On a perhaps a somewhat related note, Marko Rodriguez posted his
latest interpretation of the Web of Data (different than the Semantic
Web) on Arxiv.org:
http://arxiv.org/abs/0905.3378
I'm just browsing through it but it would be a good common background
reading for us to have.
-S
--- -. . ..-. .. ... .... - .-- --- ..-. .. ... ....
stephen.gue...@redfish.com
(m) 505.577.5828 (o) 505.995.0206
redfish.com _ sfcomplex.org _ simtable.com_ lava3d.com
On May 24, 2009, at 3:43 PM, Douglas Roberts wrote:
Steve,
Can you please define what you mean by "scalable"? Up to 10,000
agents? 100,000? 350,000,000? 6E^9?
How heavy are the agents to be?
> than all of the above?
--Doug
On Sun, May 24, 2009 at 2:01 PM, Stephen Guerin <stephen.gue...@redfish.com
> wrote:
So a few of us are exploring new ways of constructing scalable
distributed agent systems and are playing around with architecting a
first instantiation in either Javascript or in Smalltalk.
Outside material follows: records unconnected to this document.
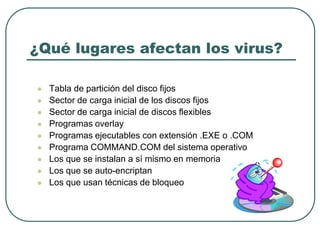 ¿Qué lugares afectan los virus?Tabla de partición del disco fijos Sector de carga inicial de los discos fijos Sector de carga inicial de discos flexibles Programas overlay Programas ejecutables con extensión .EXE o .COM Programa COMMAND.COM del sistema operativo Los que se instalan a sí mismo en memoria Los que se auto-encriptanLos que usan técnicas de bloqueo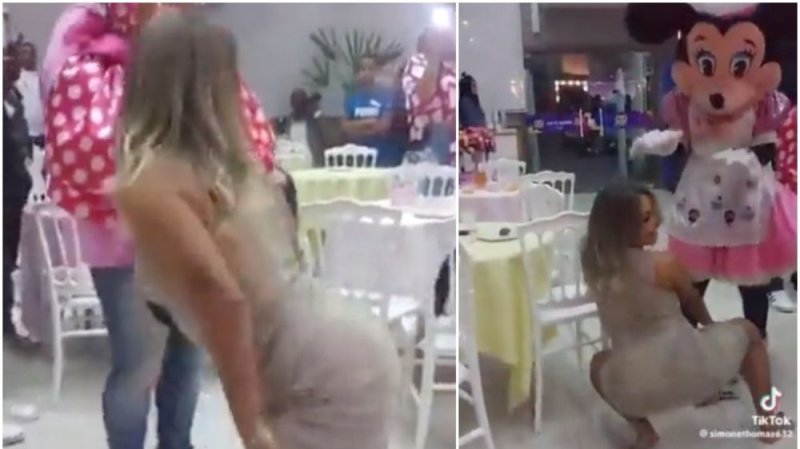 VIDEO: mamá perrea hasta el piso y se vuelve viral por sus pasos en fiesta infantil de su hija
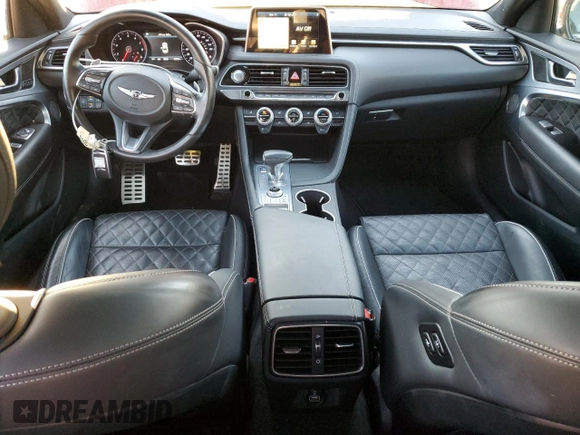 2019 Genesis G70 2.0T Advanced with VIN KMTG44LA6KU033399, listed as a Copart auction lot 73278344 with 52,598 mi miles and Salvage Title. Bid and sale history available at carsss.com. Image 8.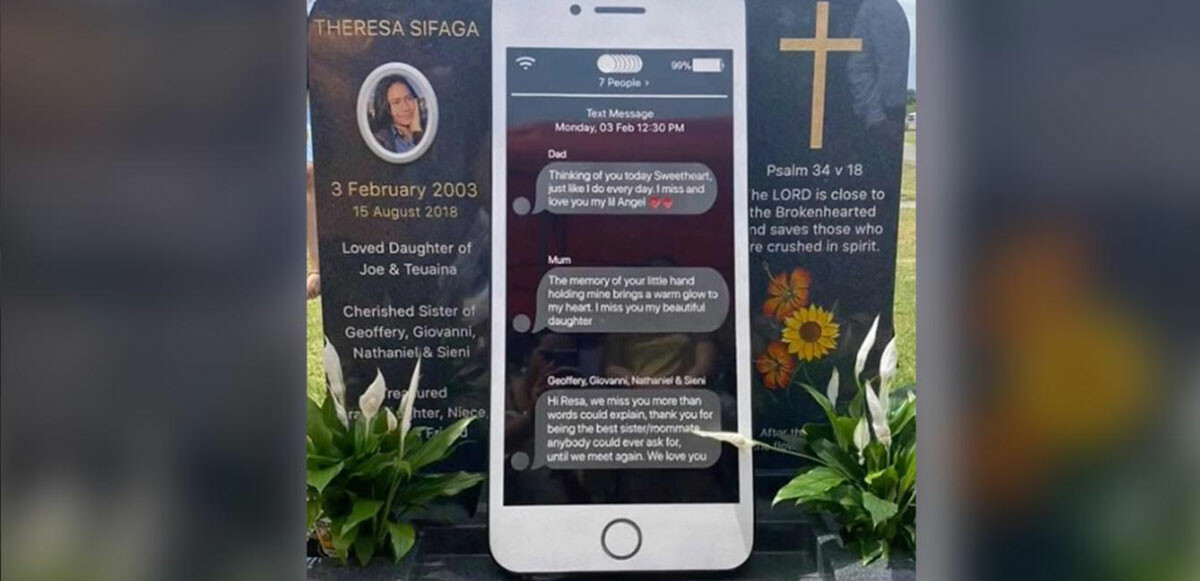 Ölen kızları için iPhone şeklinde mezar taşı diktirdiler, TikTok&#039;ta viral oldu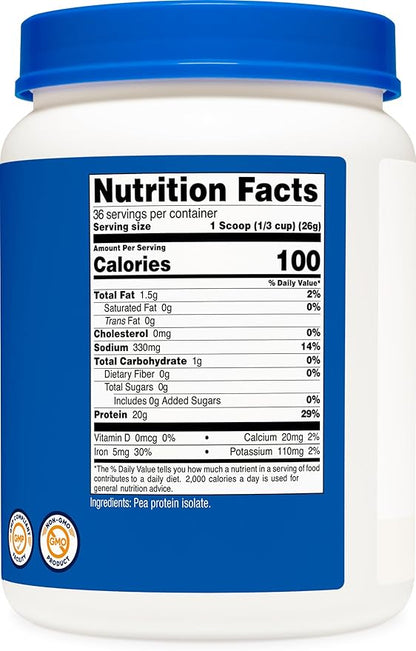 Nutricost Pea Protein Powder (2 LBS) Unflavored - 20g of Vegan Pea Protein Isolate, GMO-Free, Gluten-Free, 36 Servings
We are
interested in architecting a system that grow and evolve without
collapsing on the weight of itself, much in the same way the
Internet has been able to grow over the last 40 years without a
reboot.
Relatedly, I was watching Alan Kay's'97 OOPSLA address <http://video.google.com/videoplay?docid=-2950949730059754521
>, and his call for a Universal Interface Language popped out at me
and I looked around for potential implementations since then.
Wikipedia claims there hasn't been one yet:
<http://en.wikipedia.org/wiki/Universal_Interface_Language>
I was wondering if folks know of any candidates for a Universal
Interface Language that wikipedia authors may have missed.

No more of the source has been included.